Clinical Chemistry 44: 2353-2358, 1998;
(Clinical Chemistry. 1998;44:2353-2358.)
© 1998 American Association for Clinical Chemistry, Inc.
Regression-based reference limits: determination of sufficient sample size
Arja Virtanen1,a,
Veli Kairisto1,2,
and Esa Uusipaikka3
1
Central Laboratory, University Central Hospital of Turku/Mircit (Medical Informatics Research Centre in Turku), FIN-20521 Turku, Finland.
Departments of
2
Clinical Chemistry and
3
Statistics, University of Turku, FIN-20500 Turku,
Finland.
a Author for correspondence. Fax 358-2-2613920; e-mail arja.virtanen{at}utu.fi.
 |
Abstract
|
|---|
Regression analysis is the method of choice for the production of
covariate-dependent reference limits. There are currently no
recommendations on what sample size should be used when
regression-based reference limits and confidence intervals are
calculated. In this study we used Monte Carlo simulation to study a
reference sample group of 374 age-dependent hemoglobin values. From
this sample, 5000 random subsamples, with replacement, were constructed
with 10220 observations per sample. Regression analysis was used to
estimate age-dependent 95% reference intervals for hemoglobin
concentrations and erythrocyte counts. The maximum difference between
mean values of the root mean square error and original values for
hemoglobin was 0.05 g/L when the sample size was
60. The parameter
estimators and width of reference intervals changed negligibly from the
values calculated from the original sample regardless of what sample
size was used. SDs and CVs for these factors changed rapidly up to a
sample size of 30; after that changes were smaller. The largest and
smallest absolute differences in root mean square error and width of
reference interval between sample values and values calculated from the
original sample were also evaluated.
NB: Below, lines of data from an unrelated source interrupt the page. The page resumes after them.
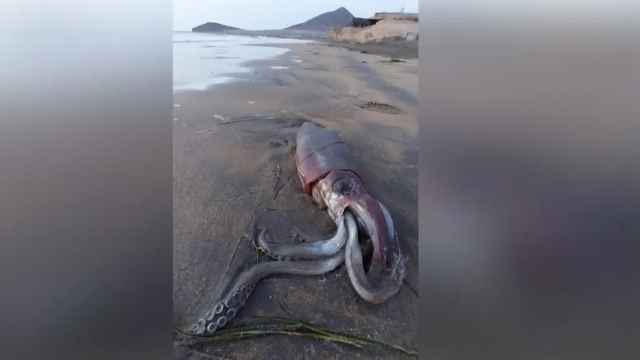 El calamar gigante encontrado en una playa de Tenerife.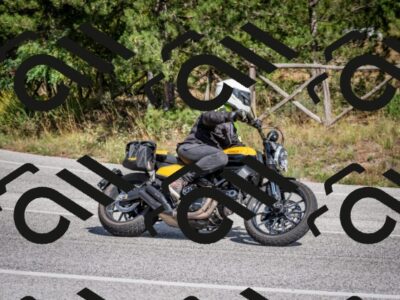 202509211416-DSC_5481_c2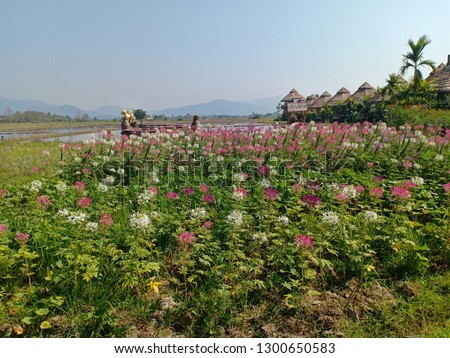 Flowers farm at good view in northern Chiangmai Thailand on Sunday morning after sunrise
As expected, differences were
largest in small sample sizes, and as sample size increased differences
decreased. To obtain appropriate reference limits and confidence
intervals, we propose the following scheme: (a) check
whether the assumptions of regression analysis can be fulfilled
with/without transformation of data; (b) check that the
value of v, which describes how the covariate value is
situated in relation to both the mean value and the spread of the
covariate values, does not exceed 0.1 at minimum and maximum covariate
positions; and (c) if steps 1 and 2 can be accepted, the
reference limits with confidence intervals can be produced by
regression analysis, and the minimum acceptable sample size will be
~70.
 |
Introduction
|
|---|
Reference intervals are used clinically, together with additional
information, as guidelines concerning the state of the patient. Both
the NCCLS and IFCC have given recommendations for deriving reference
values and intervals (1)(2). They have also
recommended a minimum sample size of 120 for the determination of
reference intervals. This number is the minimum number of values needed
for construction of 90% confidence intervals by the nonparametric
method. Because the reference limits are derived from a random sample
they are point estimates of the true limits, which would be obtained if
the whole population could be used; construction of confidence
intervals gives information about the accuracy of the calculated
reference limits. However, several investigators have recently produced
reference limits by linear regression analysis (3)(4)(5)(6)(7).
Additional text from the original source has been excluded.